Daman people Chinese: 达曼人

Total population
- Total: 200 (2017 est.)

Regions with significant populations
- Tibet

Languages
- Tibetan, Chinese

Religion
- Buddhism

Related ethnic groups
- Gurung (Kerongee Lama), Tamang

= Daman people =

The Daman people (达曼人) was one of the unrecognized ethnic groups in China and now officially classified as Tibetans. They are descendants of Nepalese centuries ago. Previously stateless, they were granted Chinese citizenship in 2003. Located around 30 kilometers away from the China-Nepal border in Gyirong County of Shigatse Prefecture, the Daman New Village, with a total population of 197, is the only settlement of the Daman people in China.

==Etymology==
The term Daman is an exonym from Damag in Tibetic languages, da means horse and man means soldier; hence, Daman means cavalryman.

==History==
In 1792, after the Sino-Gorkha war, hundreds of Gorkha soldiers were lost in the China-Nepal border and then resided there.
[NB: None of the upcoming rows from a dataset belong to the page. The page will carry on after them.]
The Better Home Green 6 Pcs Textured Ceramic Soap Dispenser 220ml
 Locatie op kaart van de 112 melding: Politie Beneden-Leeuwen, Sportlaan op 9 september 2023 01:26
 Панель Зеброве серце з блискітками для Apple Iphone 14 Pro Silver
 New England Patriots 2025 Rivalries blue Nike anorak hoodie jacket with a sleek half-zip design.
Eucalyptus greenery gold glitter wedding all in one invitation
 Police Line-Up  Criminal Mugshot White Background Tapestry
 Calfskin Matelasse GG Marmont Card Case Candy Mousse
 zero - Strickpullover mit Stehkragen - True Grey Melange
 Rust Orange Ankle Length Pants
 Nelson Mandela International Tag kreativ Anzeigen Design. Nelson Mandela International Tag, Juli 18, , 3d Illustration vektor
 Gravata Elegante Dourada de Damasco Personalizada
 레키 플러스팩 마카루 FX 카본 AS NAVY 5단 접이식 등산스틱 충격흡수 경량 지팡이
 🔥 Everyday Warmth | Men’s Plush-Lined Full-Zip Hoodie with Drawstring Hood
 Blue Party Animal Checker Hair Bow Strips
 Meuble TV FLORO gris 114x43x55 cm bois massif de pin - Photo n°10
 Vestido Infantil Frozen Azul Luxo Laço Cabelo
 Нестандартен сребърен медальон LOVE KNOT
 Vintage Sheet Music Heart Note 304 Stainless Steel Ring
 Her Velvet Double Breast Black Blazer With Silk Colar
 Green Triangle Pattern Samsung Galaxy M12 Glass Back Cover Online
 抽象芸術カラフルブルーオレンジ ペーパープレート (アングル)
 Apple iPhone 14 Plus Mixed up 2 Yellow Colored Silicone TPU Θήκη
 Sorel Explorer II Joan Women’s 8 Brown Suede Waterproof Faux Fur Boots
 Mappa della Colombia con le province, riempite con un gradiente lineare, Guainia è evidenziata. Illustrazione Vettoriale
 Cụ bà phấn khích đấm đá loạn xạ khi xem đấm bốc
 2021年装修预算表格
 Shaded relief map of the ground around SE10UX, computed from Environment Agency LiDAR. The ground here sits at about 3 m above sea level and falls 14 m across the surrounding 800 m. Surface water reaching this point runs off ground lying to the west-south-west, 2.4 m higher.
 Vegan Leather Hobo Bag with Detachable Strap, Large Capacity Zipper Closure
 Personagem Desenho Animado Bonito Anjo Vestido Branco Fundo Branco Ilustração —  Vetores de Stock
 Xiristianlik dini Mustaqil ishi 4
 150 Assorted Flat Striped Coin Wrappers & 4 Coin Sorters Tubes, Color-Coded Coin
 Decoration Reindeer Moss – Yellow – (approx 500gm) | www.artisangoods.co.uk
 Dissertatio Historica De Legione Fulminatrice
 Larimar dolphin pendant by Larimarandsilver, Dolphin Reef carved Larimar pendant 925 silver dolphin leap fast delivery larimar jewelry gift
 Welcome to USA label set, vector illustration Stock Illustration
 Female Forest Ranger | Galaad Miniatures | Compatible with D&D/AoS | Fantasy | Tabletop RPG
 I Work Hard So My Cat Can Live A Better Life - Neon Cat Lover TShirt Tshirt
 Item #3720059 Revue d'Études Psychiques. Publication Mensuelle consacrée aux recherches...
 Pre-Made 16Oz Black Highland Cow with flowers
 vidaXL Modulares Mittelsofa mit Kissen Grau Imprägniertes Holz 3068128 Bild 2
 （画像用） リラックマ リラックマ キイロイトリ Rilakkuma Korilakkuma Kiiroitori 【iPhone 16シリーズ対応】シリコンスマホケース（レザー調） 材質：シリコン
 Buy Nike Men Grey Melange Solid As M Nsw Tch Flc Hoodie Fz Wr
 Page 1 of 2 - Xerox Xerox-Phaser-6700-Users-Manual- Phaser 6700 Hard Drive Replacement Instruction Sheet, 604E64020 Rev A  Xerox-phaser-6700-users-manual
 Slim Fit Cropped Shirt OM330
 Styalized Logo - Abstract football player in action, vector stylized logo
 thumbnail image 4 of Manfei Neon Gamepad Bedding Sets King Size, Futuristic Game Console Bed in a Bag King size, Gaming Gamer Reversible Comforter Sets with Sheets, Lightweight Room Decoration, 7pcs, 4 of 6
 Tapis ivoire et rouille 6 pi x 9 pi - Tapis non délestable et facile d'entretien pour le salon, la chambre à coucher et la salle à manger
The Daman people are allegedly the descendants of the Gorkha soldiers, and there have been the 6th or 7th generations since then.

Daman people were once without a nationality (stateless) before the State Council of China officially approved them as Chinese citizens in 2003. Since then, Daman people have been treated the same as Tibetan by the government.